How to Trick Yourself Out of a Bad Habit
Credit: Emma Matthews - Unsplash

It’s Monday, which means that you’re probably thinking about what you hope to do differently this week—the habits you want to change, the temptations you want to avoid, and so on. Right?

Or... have you already decided that you’ll try to change those habits next week? Or next month? Or the next time you make a New Year’s Resolution?

If you’re the type of person who keeps telling yourself you’ll make a fresh start tomorrow, it’s time to flip the script and see what happens when you start telling yourself that tomorrow will be exactly the same as today.

As Dr. Kelly McGonigal explains in her excellent book The Willpower Instinct: How Self-Control Works, Why It Matters, and What You Can Do to Get More of It, sometimes the best way to break a habit is to “view every choice you make as a commitment to all future choices.”

In other words: stop telling yourself that you’re going to change your behavior tomorrow. Tell yourself that whatever you do today, you have to do every day. For the rest of the week. Or the rest of the month. Or the rest of the year.

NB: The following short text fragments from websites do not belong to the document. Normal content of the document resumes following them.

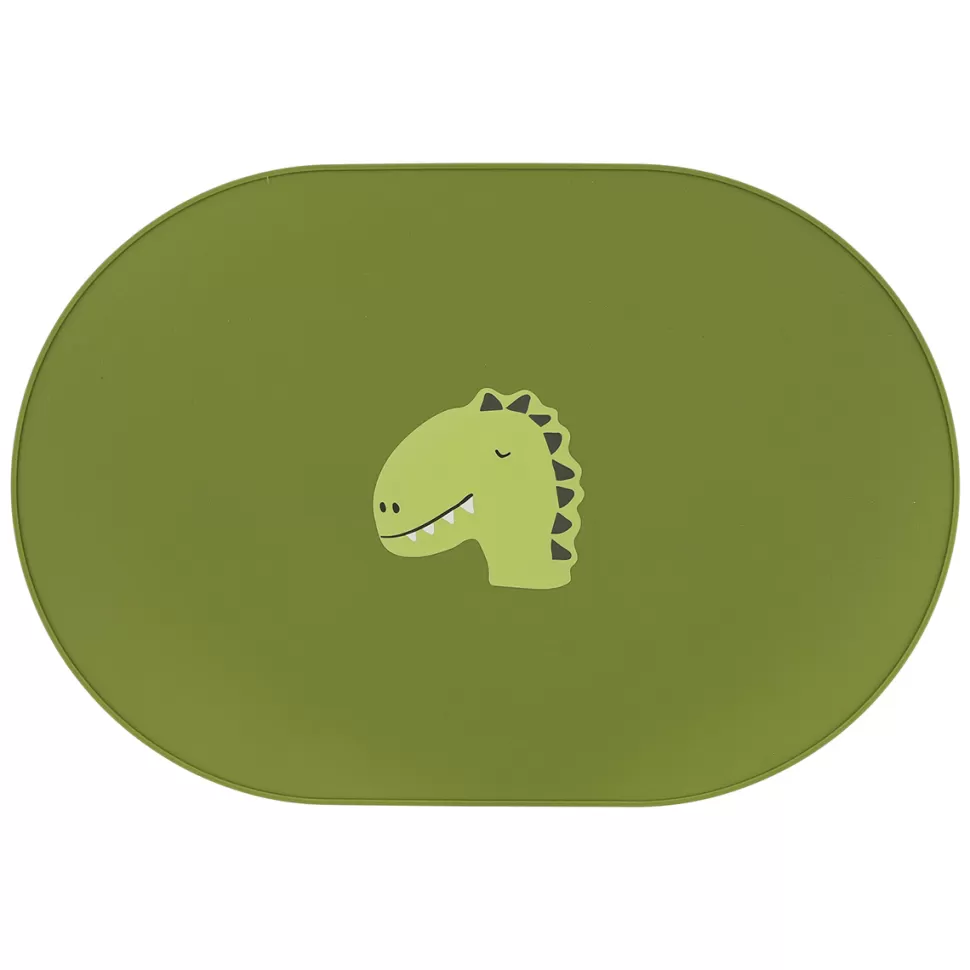 Trixie Baby Repas>Set de Table en Silicone - Mr. Dino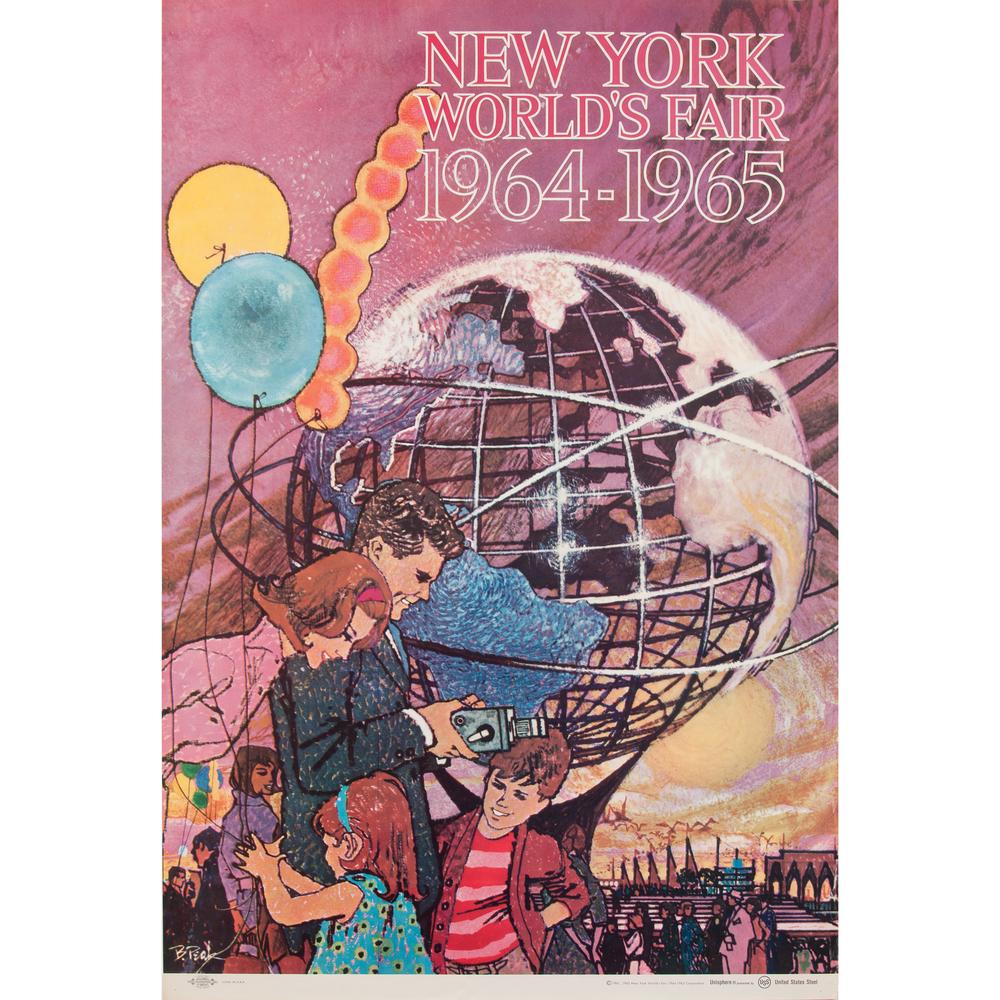 Robert Peak (American, 1927-1992) 1964 New York World's (1 of 4)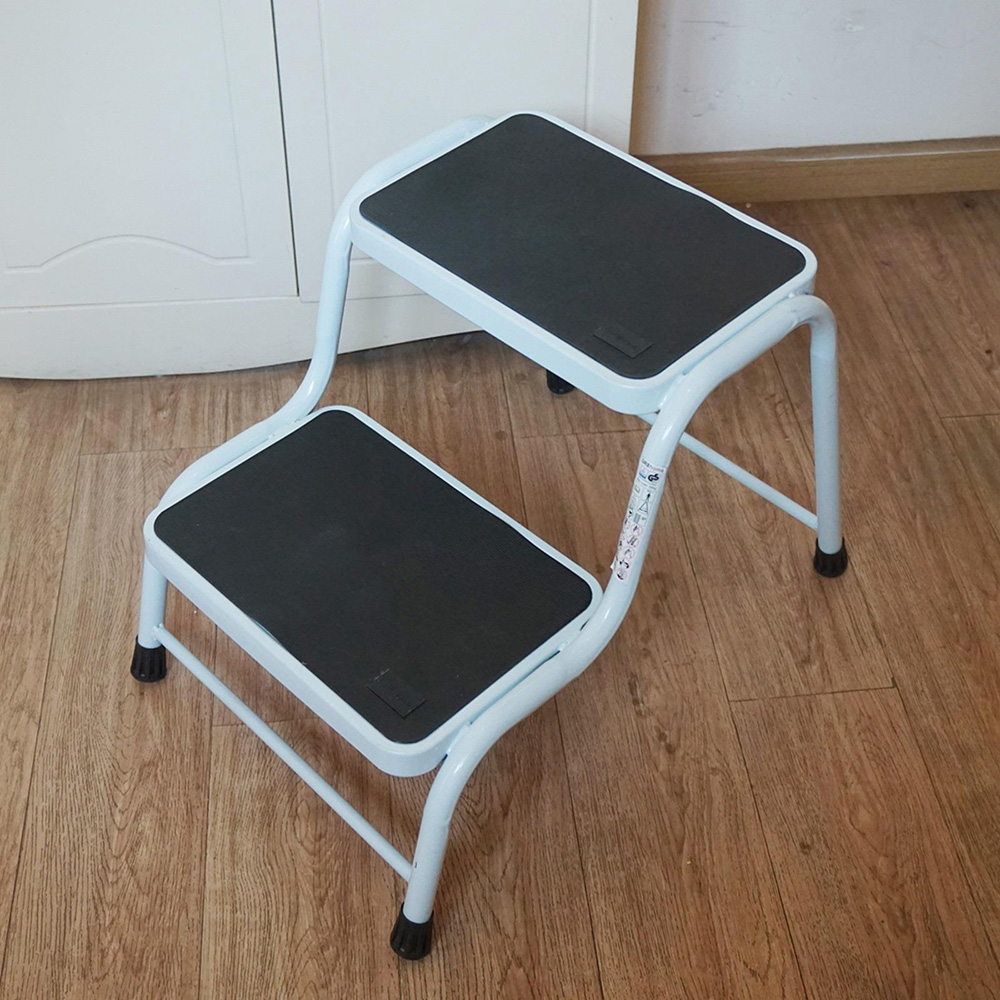 Gr8 Home Double Step Non Slip Steel Caravan Stool Image 2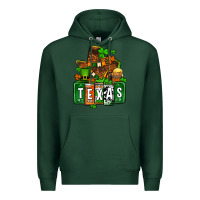 Sports Green St. Patrick's Texas map Premium Hoodie - OliviaCreatesArt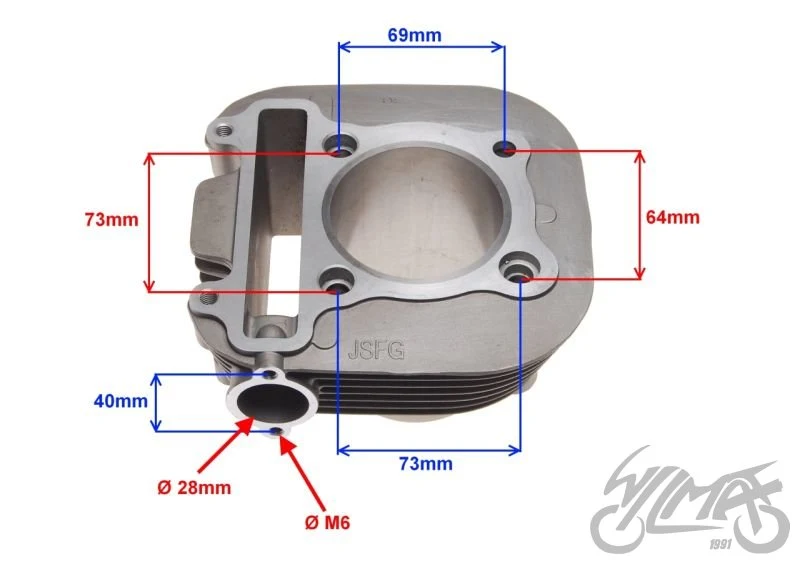 Cylinder ATV 250 RT250ST Loncin, wariant 71,00 — ZRT0020 — ujęcie 2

Here’s why this works, according to The Willpower Instinct:

Behavioral economist Howard Rachlin proposes an interesting trick for overcoming the problem of always starting a change tomorrow. When you want to change a behavior, aim to reduce the

variability

in your behavior, not the behavior itself. He has shown that smokers asked to try to smoke the same number of cigarettes every day gradually decrease their overall smoking—even when they are explicitly told not to try to smoke less. Rachlin argues that this works because the smokers are deprived of the usual cognitive crutch of pretending that tomorrow will be different. Every cigarette becomes not just one more smoked today, but one more smoked tomorrow, and the day after that, and the day after that. This adds new weight to every cigarette, and makes it much harder to deny the health consequences of a single smoke.

This works better for habits like smoking or drinking alcohol—that is, habits that are fairly self-contained, despite their social aspects—than habits like “going to bed at least eight hours before you need to wake up.” I’ve adopted a six-days-out-of-seven goal for many of my habits specifically because life sometimes gets in the way; some days you really do need to work late, for example, or grab takeout on the way home.

Some people may also find the “if you do X today, you have to commit to doing it all week” thought experiment to be more of a relief than a motivator. “If I skip the gym today, then I get to skip the gym all week! Woo-hoo!” If that’s you, it’s worth asking yourself whether you really want to change your habit or whether you simply feel obligated to—and whether there’s another way you can achieve your goals. (There are plenty of ways to be physically active without going to the gym.)

Still—now that you know this trick, what choices are you going to make? Since tomorrow is going to be roughly the same as today, in terms of your behavior and decision-making, how do you want tomorrow to go? What are you going to do today, knowing that you’ll probably do the exact same thing for the rest of the week?